Designing a workflow for publication of open data can be quite involved. There are many ongoing debates about data standards, formats, accessibility, discoverability, and resource models. At the organisational level a successful open data programme depends on building expertise across functions and technical disciplines.
But explaining open data at that level of complexity isn't always necessary or helpful. If we expect open data to become "business as usual" we need to give data specialists a manageable set of considerations they can apply to release of individual datasets.
Following is a checklist of key points I encourage data specialists to consider when preparing data for publication.
1. Have you identified a dataset that you want to release as open data?

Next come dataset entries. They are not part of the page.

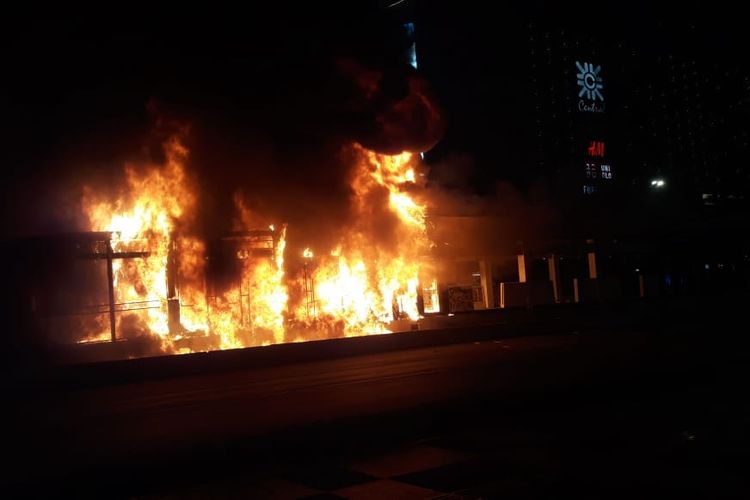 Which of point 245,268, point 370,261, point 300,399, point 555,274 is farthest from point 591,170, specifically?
point 300,399

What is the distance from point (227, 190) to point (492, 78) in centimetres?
3269

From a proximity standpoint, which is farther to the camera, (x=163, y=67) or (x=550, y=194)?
(x=550, y=194)

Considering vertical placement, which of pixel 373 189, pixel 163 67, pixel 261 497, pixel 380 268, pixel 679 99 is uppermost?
pixel 679 99

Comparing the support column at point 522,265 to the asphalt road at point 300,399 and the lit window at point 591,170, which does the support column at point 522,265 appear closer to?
the asphalt road at point 300,399

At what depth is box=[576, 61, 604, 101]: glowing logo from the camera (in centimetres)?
5638

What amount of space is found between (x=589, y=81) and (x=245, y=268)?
41476mm

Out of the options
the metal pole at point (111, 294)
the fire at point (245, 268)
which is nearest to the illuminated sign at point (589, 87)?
the fire at point (245, 268)

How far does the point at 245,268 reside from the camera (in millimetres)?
23922

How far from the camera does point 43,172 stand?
2386cm

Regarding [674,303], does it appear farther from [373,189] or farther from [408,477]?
[408,477]

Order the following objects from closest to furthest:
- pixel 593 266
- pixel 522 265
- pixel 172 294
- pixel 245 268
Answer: pixel 172 294, pixel 245 268, pixel 522 265, pixel 593 266

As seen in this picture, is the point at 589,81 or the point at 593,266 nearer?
the point at 593,266

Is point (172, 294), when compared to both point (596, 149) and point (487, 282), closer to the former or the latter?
point (487, 282)

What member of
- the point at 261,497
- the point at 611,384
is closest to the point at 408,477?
the point at 261,497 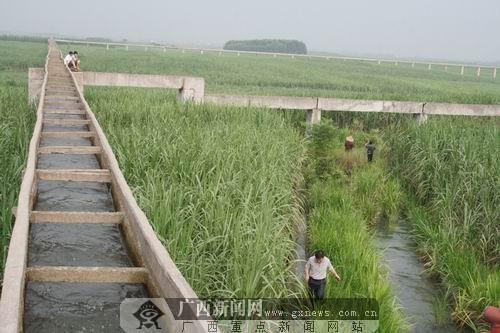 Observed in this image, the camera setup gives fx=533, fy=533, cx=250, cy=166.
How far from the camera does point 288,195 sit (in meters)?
7.90

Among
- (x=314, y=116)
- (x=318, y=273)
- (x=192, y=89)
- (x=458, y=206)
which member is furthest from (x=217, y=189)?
(x=314, y=116)

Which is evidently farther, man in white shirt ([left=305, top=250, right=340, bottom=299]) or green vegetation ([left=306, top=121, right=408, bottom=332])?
green vegetation ([left=306, top=121, right=408, bottom=332])

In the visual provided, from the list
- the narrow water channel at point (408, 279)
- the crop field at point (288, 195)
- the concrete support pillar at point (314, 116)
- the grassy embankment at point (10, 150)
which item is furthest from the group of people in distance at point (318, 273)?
the concrete support pillar at point (314, 116)

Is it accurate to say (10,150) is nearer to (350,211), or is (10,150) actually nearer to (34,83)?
(350,211)

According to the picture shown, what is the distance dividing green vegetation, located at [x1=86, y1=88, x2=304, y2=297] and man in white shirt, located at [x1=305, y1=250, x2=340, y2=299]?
205 mm

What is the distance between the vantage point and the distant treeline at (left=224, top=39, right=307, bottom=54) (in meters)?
130

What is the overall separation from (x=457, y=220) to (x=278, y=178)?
123 inches

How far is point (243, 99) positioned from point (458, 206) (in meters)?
6.04

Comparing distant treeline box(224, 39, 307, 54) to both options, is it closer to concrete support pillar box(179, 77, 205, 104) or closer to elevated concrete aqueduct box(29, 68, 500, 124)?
elevated concrete aqueduct box(29, 68, 500, 124)

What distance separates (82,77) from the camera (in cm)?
1252

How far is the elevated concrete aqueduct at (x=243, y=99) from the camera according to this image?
41.1ft

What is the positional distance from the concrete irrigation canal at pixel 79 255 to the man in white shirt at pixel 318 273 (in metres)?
2.20

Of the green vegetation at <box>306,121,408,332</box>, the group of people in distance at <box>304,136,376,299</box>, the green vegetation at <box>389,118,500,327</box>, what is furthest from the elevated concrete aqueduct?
the group of people in distance at <box>304,136,376,299</box>

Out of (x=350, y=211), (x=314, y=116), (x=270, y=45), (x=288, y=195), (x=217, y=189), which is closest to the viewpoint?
(x=217, y=189) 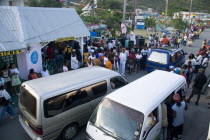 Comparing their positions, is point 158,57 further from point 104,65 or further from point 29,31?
point 29,31

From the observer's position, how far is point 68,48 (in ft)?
37.3

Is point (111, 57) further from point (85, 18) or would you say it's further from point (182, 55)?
point (85, 18)

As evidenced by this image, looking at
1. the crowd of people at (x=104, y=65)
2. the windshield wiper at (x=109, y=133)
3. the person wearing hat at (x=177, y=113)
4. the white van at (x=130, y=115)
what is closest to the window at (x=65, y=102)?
the white van at (x=130, y=115)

Confirm you have the dataset stored in an internal location and are sure it's the version you want to publish. Complete any quality assurance process you have in place. Open data doesn't need to meet any particular standard of data quality but you should be able to communicate known issues to users.
2. Do you have legal rights to release the dataset as open data?
You must either own the dataset or have permission to use and publish as open data any third party intellectual property in the dataset. (Or the dataset could be free of IPR, but that's rare in the UK.)
Ideally you should understand the lineage of the dataset; what went into it and how it was produced. If the lineage is unclear, as may be the case with historical data, publication will require a risk-based judgement.
3. Have you risk-assessed the data for publication?
You should have internal standards for risk assessment, with a sign-off process. The risk criteria will depend on the nature of the dataset; however risk assessment will usually consider data protection, confidentiality, public safety, and other factors.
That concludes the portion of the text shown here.